This function will return a 1d np.ndarray of floats by doing a distance calculation from the given vector to each vector stored in the embedding (likely including itself).

The distance calculation can be provided either as a function reference or a string representation mapped to the 2 standard distance functions we natively support. The functions supported are cosine and euclidean, both of which are scipy implementations. There is also a mahalanobis generator function that can be used, but first you must provide it with the inverse covariance matrix necessary for the distance calculations to be performed.

Parameters
  • vector (np.ndarray) – A 1d array-like (list, tuple, np.array) that represents the vector to compare against every other vector in the embedding

  • np.ndarray] embedding (Union[EmbeddingContainer,) – The embedding is either a 2d np array, where each row is a vector and the number of columns is identical to the length of the vector to compare against.

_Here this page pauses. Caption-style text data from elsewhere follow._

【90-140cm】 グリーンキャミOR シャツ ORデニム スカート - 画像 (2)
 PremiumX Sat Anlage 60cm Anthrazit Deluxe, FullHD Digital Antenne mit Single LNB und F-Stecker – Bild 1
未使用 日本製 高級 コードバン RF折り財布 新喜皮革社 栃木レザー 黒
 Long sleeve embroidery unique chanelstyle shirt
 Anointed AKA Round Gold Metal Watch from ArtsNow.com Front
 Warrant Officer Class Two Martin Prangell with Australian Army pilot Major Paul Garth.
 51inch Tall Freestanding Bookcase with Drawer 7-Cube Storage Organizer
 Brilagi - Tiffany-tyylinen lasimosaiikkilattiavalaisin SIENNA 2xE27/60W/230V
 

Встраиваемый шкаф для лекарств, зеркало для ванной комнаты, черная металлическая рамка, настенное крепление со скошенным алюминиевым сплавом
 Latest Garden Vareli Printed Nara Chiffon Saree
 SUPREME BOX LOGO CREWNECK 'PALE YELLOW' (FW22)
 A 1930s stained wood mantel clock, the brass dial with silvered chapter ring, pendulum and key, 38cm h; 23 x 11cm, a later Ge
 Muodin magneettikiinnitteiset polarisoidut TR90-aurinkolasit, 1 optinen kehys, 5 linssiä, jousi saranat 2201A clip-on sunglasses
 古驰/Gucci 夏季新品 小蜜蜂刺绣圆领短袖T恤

  • method (Union[str, Callable[[np.ndarray, np.ndarray], float]]) – Method can be any distance function that takes in 2 parameters. It can also be the string mapping to that function (as described by valid_distance_functions()). Note that you can also provide other functions, such as mahalanobis, but they require more information than just the comparative vectors.

Returns

np.ndarray of dtype float the same length as the count of embedded vectors

Examples
>>> vector = [0.3, 0.4, 0.5]
>>> embedding = np.array([[0.3, 0.4, 0.5], [0.31, 0.44, 0.7]])
>>> embedding_distances_from(vector, embedding, method="cosine") # using string version of method name
array([0.        , 0.00861606])
>>> embedding_distances_from(vector, embedding, method=euclidean) # using function handle
array([0.        , 0.20420578])